MATERIAL SUPPLIED -

== Segment start ==

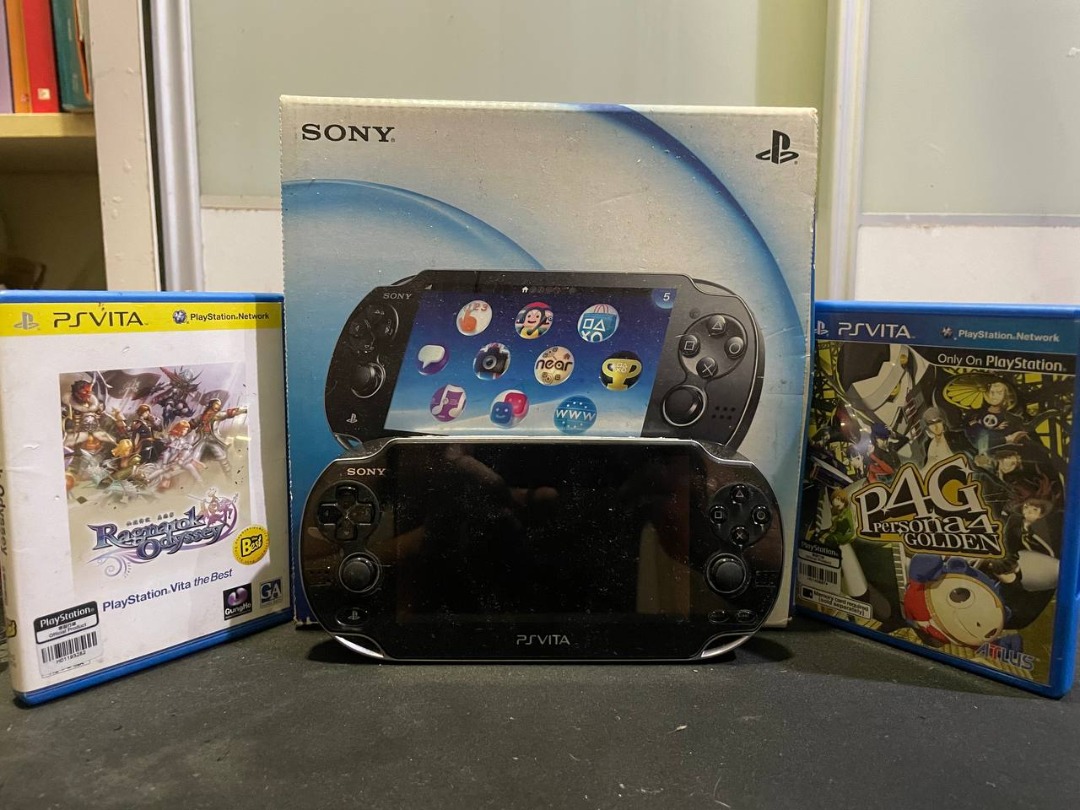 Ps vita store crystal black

== Segment end ==
== Segment start ==

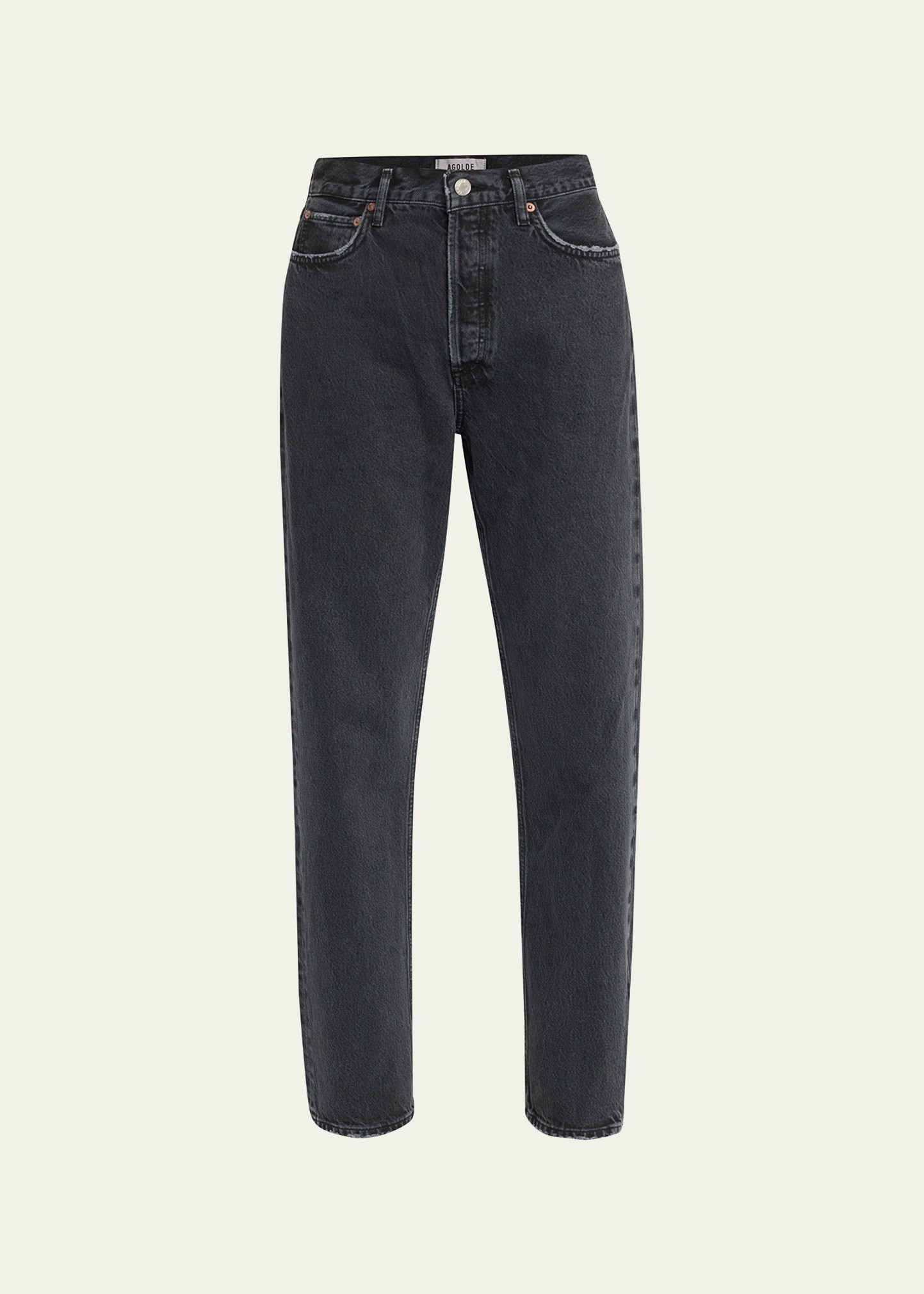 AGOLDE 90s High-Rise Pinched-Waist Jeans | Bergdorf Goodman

== Segment end ==
== Segment start ==

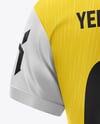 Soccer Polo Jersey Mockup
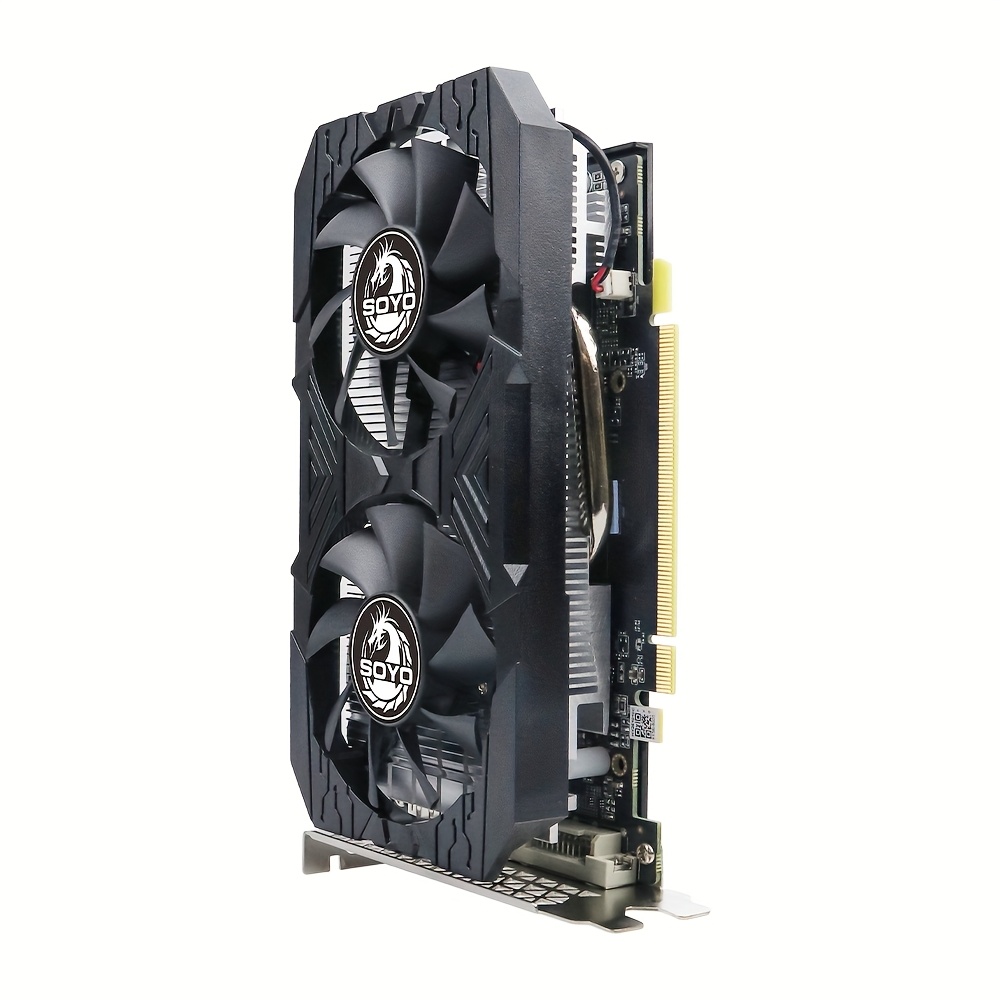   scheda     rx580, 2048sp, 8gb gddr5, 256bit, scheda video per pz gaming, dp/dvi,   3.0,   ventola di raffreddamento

== Segment end ==

TASK PROMPT - Go back to the listing above and write out the lines starting at the one with "Soccer Polo Jersey Mockup" and ending at the one with "ventola di raffreddamento", inclusive, exactly and without pictures.

RESULT -
 Soccer Polo Jersey Mockup
   scheda     rx580, 2048sp, 8gb gddr5, 256bit, scheda video per pz gaming, dp/dvi,   3.0,   ventola di raffreddamento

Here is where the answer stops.